Pero, dicho esto, más interesante me parece aprovechar la ocasión que ofrece la ruptura para repasar la relación que se ha dado a lo largo de estos últimos 40 años entre los dos nacionalismos y ver -y, en su caso, desmontar- todo lo que en ella haya de fantasía y recuerdos mitificados. En la raíz están, sin duda, dos hechos reales. El primero, por cronología, la hermandad de PNV y UDC, desde el nacimiento de esta última en 1931, en la doctrina común nacionalista y socialcristiana. El segundo, más emotivo y vinculante, la solidaridad que entre Gobierno Vasco y Generalitat catalana se fraguó durante la Guerra Civil y que quedó simbólicamente expresada en el gesto del lehendakari Agirre de volver a España para acompañar al president Companys en su salida de Cataluña al exilio. Ambos hechos crearon lazos profundos.

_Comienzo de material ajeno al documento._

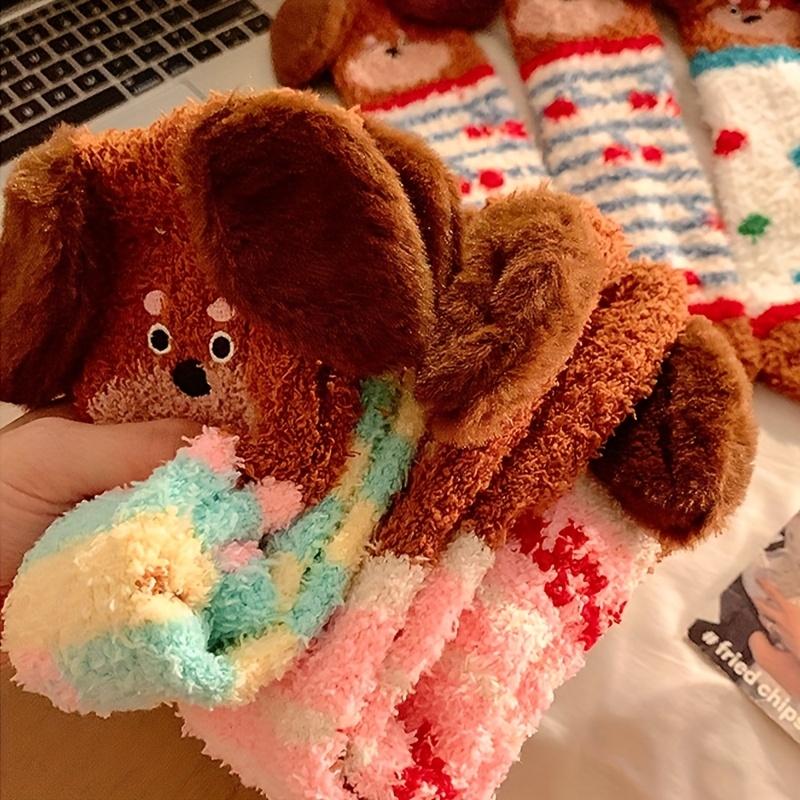 2 Paar kuschelige Plüsch-Dackel-Socken - Dicke warme Winter-Unisex- und -ähnliche weiche Pyjama-ähnliche Wadenhohe Socken mit süßem Dackel-Ohren- und Schwanz-Design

Pero, llegada la Transición, el romanticismo de la memoria da paso al realismo de la política. Ya en la fase constituyente se perfilan distancias: ausencia del PNV y presencia de la federación CiU en la Comisión Constitucional; abstención y adhesión respectivas en el referéndum de la Constitución; excepción foral para los vascos, con Concierto Económico incluido, y régimen común, por voluntad propia, para los catalanes. Son hitos que marcaron diferencias y excitaron recelos, sobre todo por el resquemor que dejó en la parte catalana el acierto que tuvo el PNV al afrontar el riesgo de la financiación autónoma por el sistema concertado. Cabe también añadir, por su importancia simbólica, la prelación que, en el terreno protocolario, se ganó la Comunidad Autónoma vasca al anticiparse en la presentación del Estatuto en las Cortes. Nunca lo digirió el president Pujol. Más de una vez, en algunas reuniones de presidentes autonómicos, llegó a exponerse al ridículo de verse desplazado por protocolo del primer puesto que se había apresurado a apropiarse.

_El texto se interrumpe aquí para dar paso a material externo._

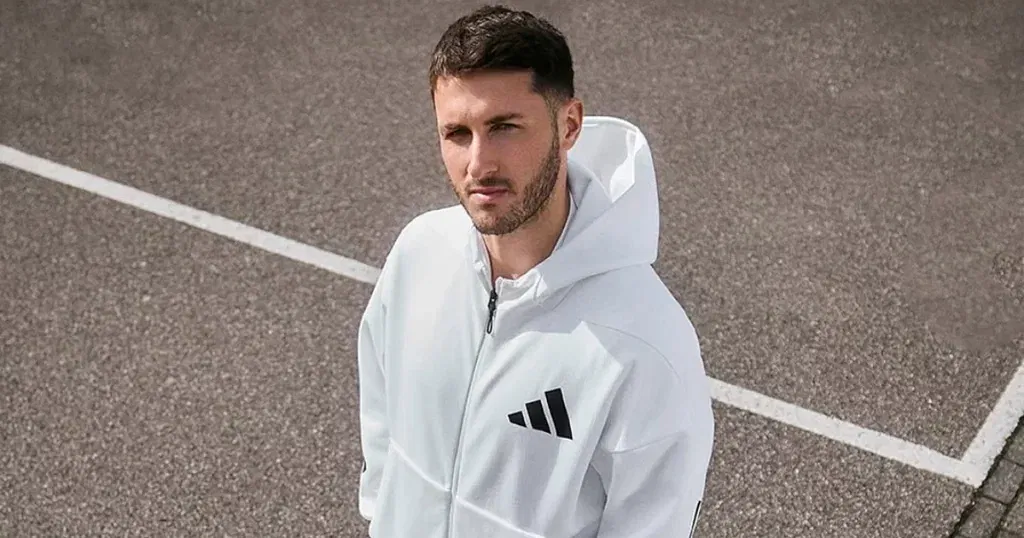 Santiago Gimenez in an advert for Adidas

Las relaciones políticas estuvieron, pues, desde el principio, más taradas por recelos de lo que daban a entender los abrazos en las Diadas o Aberri Egunak. Para rematarlo, el terrorismo dejaba a nuestra comunidad en situación de inferioridad y destacaba aún más la supuesta superioridad del 'seny' catalán.

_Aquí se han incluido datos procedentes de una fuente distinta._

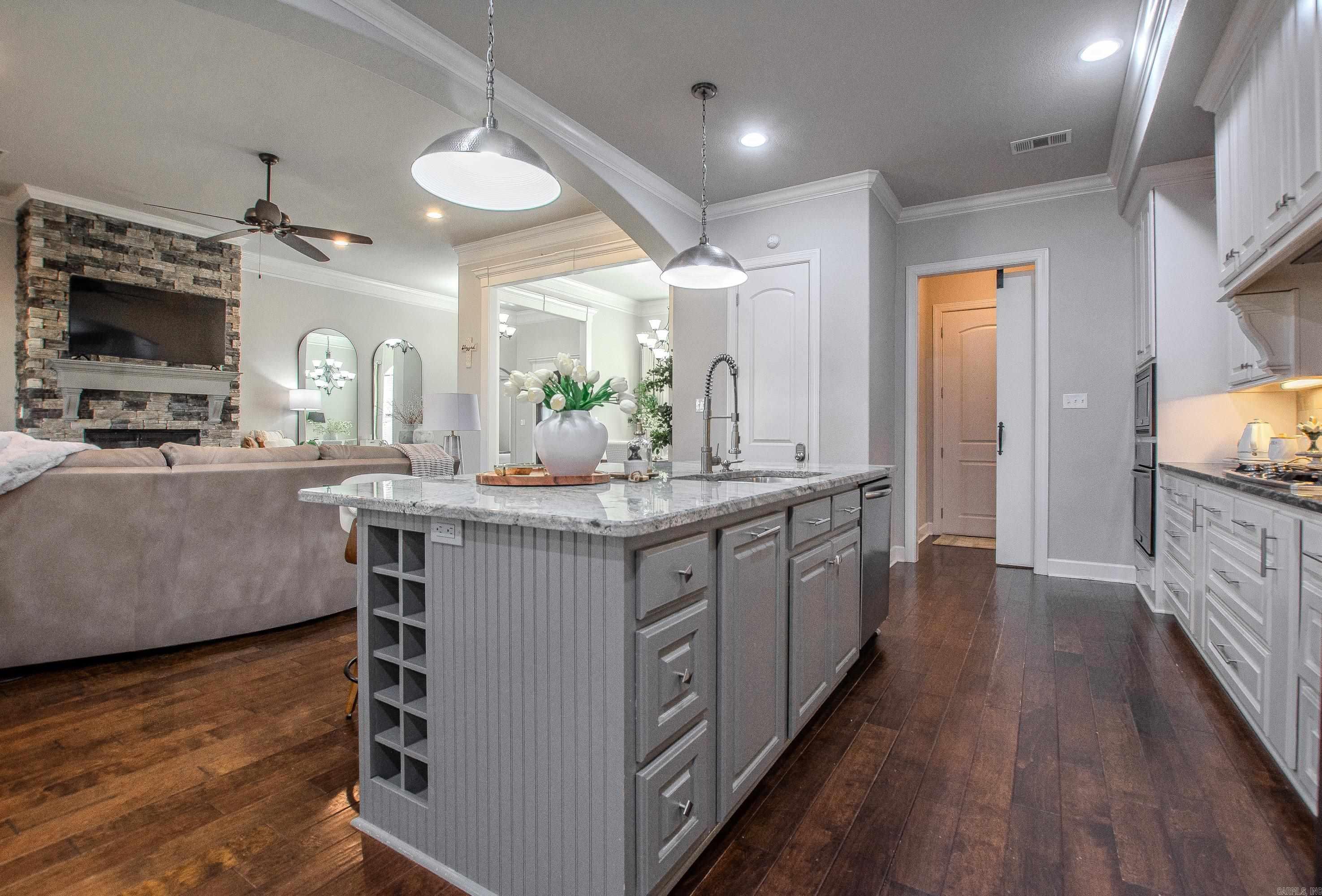 9800 Oak Heights Drive  Sherwood, AR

Se enfrentaban así tosquedad y finura, contraste que con frecuencia se subrayaba para marcar distancias y categorías. Las solemnizó más que nadie el propio Pujol, cuando, a raíz del pacto que PNV y PSE formalizaron para formar el primer Gobierno Ardanza de coalición tras la escisión del partido jeltzale en 1986, proclamó en un pleno del Parlament aquel «yo nunca haré ardancismo» que tan insultante resonará todavía hoy en los oídos de los actuales burukides. Pensó, sin duda, que la facción escindida saldría vencedora del desgarro. Más desdén hubo, por tanto, que aprecio. Y no tendrá tampoco que olvidar el PNV el hecho más triste y destacable de la dilución de UDC, su vieja aliada, a causa precisamente de la deriva soberanista en que el nacionalismo moderado catalán sigue navegando en la actualidad.
Son detalles significativos y en absoluto exhaustivos. Sirven, entre otras cosas, para dejar en evidencia la ignorancia que la joven Elsa Artadi demostró el otro día al afirmar que «la sociedad catalana ha abandonado la vasquitis que teníamos». Ocurre, más bien, lo contrario. Es el PNV -y yo no me atrevo a decir que, con él, la sociedad vasca- el que se ha sacudido la 'catalanitis' que desde hace tiempo lo aquejaba a la manera de un complejo del todo injustificado.
Cabe esperar, por ello, que la decisión que los jeltzales han adoptado sea, además de sensata y valiente, liberadora.